Strategi transfer MU kali ini sangat hati-hati dan bersifat sementara. Jacobs menjelaskan bahwa kesepakatan ini hanya akan berlaku hingga akhir musim, sesuai dengan kebutuhan mendesak klub untuk menambah amunisi di paruh kedua kompetisi.

Pendekatan pinjaman ini juga mencerminkan upaya klub untuk menghindari pengeluaran besar. Dengan hanya meminjam, Manchester United bisa mengevaluasi performa pemain tanpa terikat kontrak permanen yang membebani neraca keuangan.

Munculnya kabar bahwa Manchester United nego gelandang misterius ini langsung memicu spekulasi liar di kalangan penggemar. Banyak nama besar yang dikaitkan, terutama para pemain yang pernah bersinar di Liga Inggris namun kini merumput di liga lain.

Kendati demikian, Jacobs langsung menepis salah satu kandidat populer yang sempat meramaikan rumor. “Nama yang saya maksud bukanlah Ruben Neves,” tegasnya, menyingkirkan gelandang asal Portugal yang kini bermain di Arab Saudi tersebut.

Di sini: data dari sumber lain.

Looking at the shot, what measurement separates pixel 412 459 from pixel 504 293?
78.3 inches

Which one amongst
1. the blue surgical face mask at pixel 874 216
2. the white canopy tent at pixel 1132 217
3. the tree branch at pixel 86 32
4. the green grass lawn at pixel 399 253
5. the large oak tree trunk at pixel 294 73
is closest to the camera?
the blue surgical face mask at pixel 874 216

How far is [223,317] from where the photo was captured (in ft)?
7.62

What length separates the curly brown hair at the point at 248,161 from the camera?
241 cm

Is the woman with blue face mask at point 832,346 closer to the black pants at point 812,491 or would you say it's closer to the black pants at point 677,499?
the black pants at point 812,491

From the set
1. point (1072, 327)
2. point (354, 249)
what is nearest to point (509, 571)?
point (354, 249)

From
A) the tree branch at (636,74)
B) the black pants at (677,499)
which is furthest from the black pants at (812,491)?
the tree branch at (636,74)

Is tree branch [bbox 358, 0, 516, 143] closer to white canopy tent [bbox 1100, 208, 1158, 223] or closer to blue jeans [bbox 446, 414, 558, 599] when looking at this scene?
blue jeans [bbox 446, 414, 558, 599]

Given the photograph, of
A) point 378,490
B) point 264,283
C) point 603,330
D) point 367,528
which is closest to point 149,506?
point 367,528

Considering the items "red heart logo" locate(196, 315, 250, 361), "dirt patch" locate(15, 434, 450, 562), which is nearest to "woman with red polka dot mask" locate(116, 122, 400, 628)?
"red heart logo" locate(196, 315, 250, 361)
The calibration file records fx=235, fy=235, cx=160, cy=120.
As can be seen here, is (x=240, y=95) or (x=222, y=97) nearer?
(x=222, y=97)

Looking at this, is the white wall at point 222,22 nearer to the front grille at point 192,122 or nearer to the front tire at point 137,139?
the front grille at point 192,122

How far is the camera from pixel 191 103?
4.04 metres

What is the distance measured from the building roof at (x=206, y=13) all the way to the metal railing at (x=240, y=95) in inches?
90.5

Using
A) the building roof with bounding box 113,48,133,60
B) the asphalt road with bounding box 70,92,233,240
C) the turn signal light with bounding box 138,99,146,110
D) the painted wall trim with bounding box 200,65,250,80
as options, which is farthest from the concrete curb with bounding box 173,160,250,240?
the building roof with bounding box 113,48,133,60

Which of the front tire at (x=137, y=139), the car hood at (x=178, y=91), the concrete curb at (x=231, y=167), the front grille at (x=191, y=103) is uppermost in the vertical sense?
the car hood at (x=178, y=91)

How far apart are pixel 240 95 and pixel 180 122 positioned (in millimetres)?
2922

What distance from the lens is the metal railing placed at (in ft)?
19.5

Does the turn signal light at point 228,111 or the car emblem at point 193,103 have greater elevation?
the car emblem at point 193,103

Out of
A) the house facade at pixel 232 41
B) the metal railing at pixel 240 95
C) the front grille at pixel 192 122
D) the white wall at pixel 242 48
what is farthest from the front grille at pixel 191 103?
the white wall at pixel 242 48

Dengan adanya negosiasi ini, Old Trafford menunjukkan bahwa mereka siap mengambil risiko kecil untuk mendapatkan dampak besar. Pengumuman resmi mengenai siapa gelandang berpengalaman yang menjadi target pinjaman ini diperkirakan akan muncul dalam beberapa hari ke depan.

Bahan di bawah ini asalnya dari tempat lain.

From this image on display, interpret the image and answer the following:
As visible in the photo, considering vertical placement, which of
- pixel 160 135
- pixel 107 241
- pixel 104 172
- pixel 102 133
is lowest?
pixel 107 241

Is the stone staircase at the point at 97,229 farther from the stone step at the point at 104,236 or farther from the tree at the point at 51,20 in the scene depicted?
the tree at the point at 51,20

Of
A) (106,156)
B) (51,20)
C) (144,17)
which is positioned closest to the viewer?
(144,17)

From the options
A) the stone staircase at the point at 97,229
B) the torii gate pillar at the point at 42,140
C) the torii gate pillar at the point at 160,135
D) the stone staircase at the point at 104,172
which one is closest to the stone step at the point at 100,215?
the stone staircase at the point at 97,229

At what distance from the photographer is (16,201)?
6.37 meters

Dampak Strategi Transfer MU Musim Dingin

Keputusan untuk mencari opsi pinjaman jangka pendek mencerminkan pragmatisme manajemen di tengah musim yang sulit. Manchester United membutuhkan pemain yang tidak memerlukan waktu adaptasi lama dan dapat langsung memberikan kontribusi di lapangan.

Gelandang yang berpengalaman di Liga Inggris menjadi kriteria utama karena faktor tersebut. Jika kesepakatan ini berhasil, Setan Merah berharap lini tengah mereka akan lebih solid dan mampu bersaing ketat di perebutan zona Eropa hingga akhir musim 2025/2026.